# Task item
The reply is to contain the full listing, repeated exactly, with pictures left out.

# Information provided

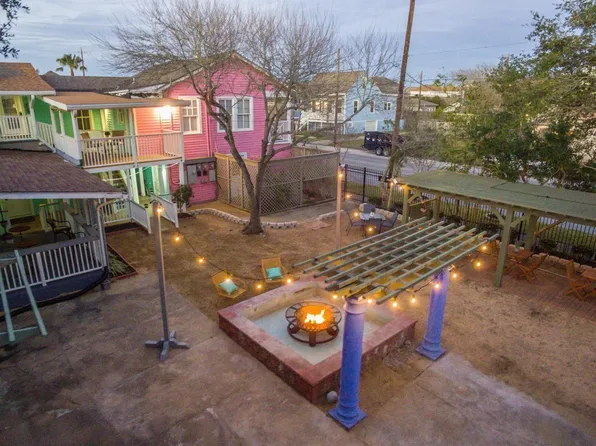 1515 19th St, Galveston, TX 77550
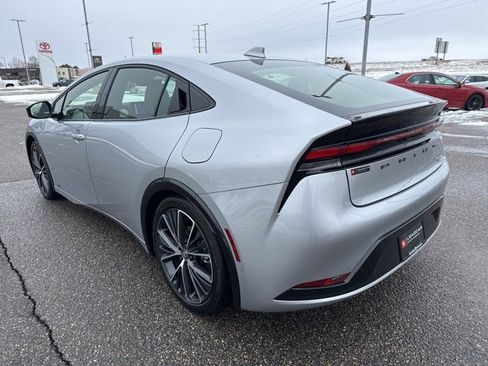 Used 2025 Toyota Prius XLE image 9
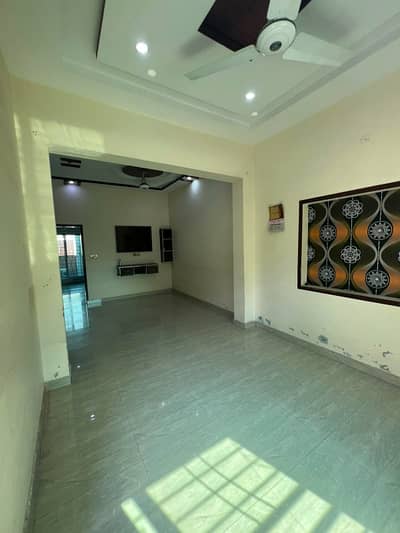 5 Marla Tile Floor Upper Portion For Rent Near Ucp University & Shaukat Khanam Chowk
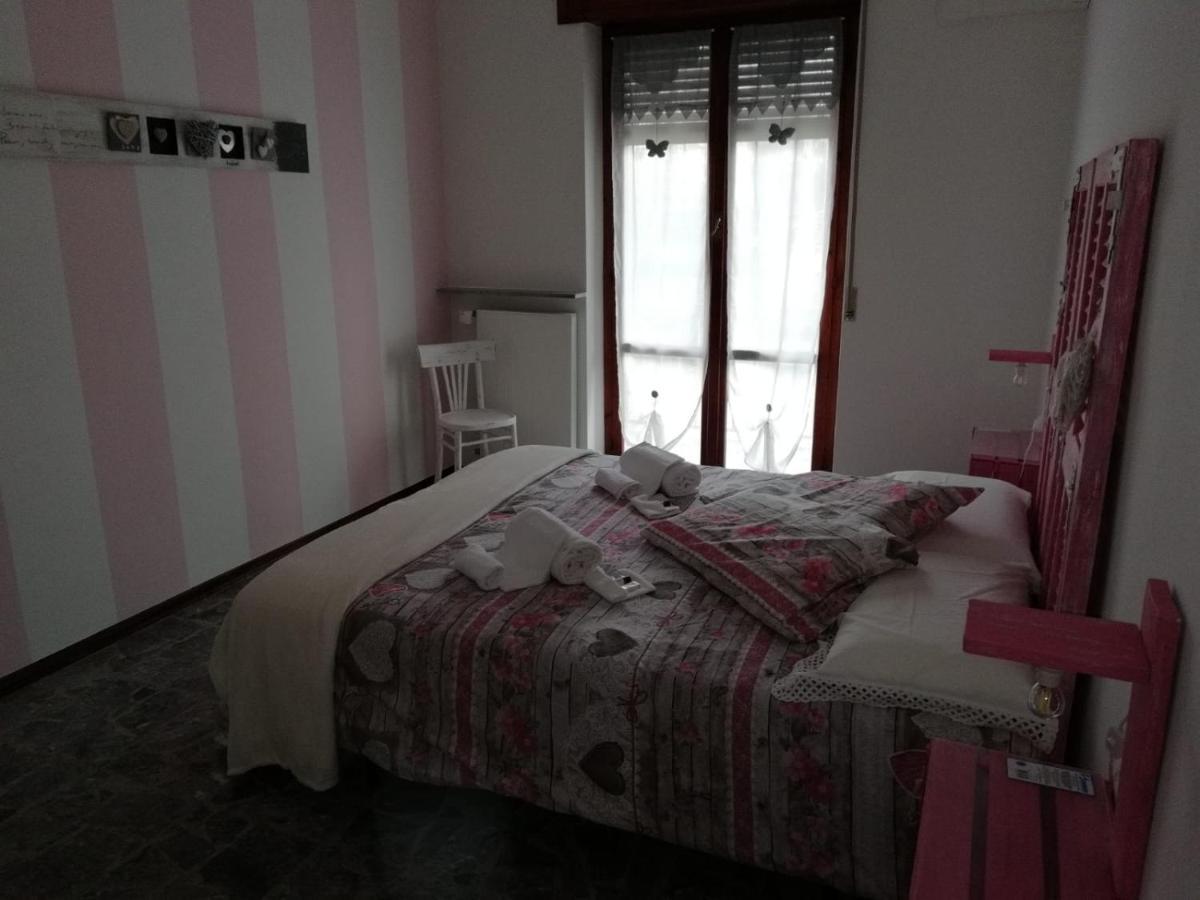 Good Morning Shopping Bed and Breakfast Serravalle Scrivia Eksteriør billede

# Task answer
 1515 19th St, Galveston, TX 77550
 Used 2025 Toyota Prius XLE image 9
 5 Marla Tile Floor Upper Portion For Rent Near Ucp University & Shaukat Khanam Chowk
 Good Morning Shopping Bed and Breakfast Serravalle Scrivia Eksteriør billede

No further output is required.